* Dataset content *
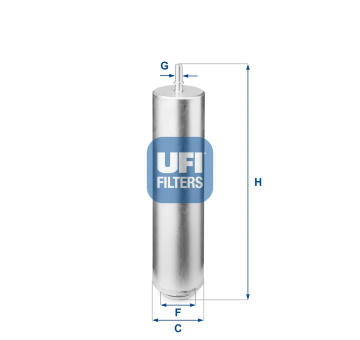 Palivový filtr UFI 31.952.00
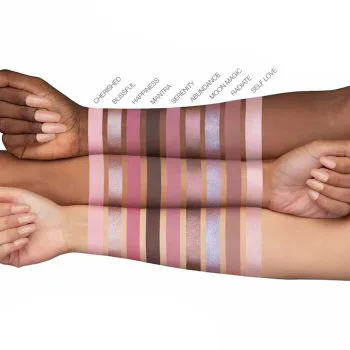 پالت سایه rose quartz هدی بیوتی Huda Beauty 1 پالت هدی بیوتی min 350x350 1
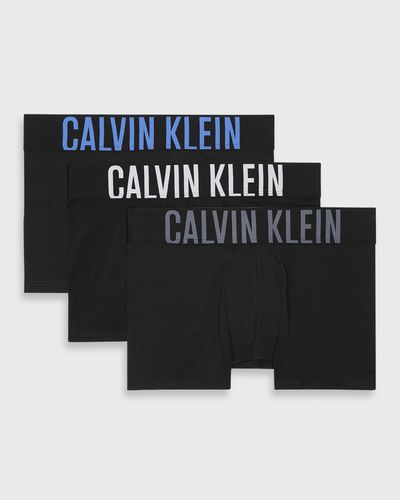 Calvin Klein Underwear INTENSE POWER CTN 3P, black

* Exercise instructions *
Repeat verbatim the lines from the one with "پالت سایه rose" through the end of the listing above. Include both ends, add nothing, and exclude the pictures.

* Solution *
 پالت سایه rose quartz هدی بیوتی Huda Beauty 1 پالت هدی بیوتی min 350x350 1
 Calvin Klein Underwear INTENSE POWER CTN 3P, black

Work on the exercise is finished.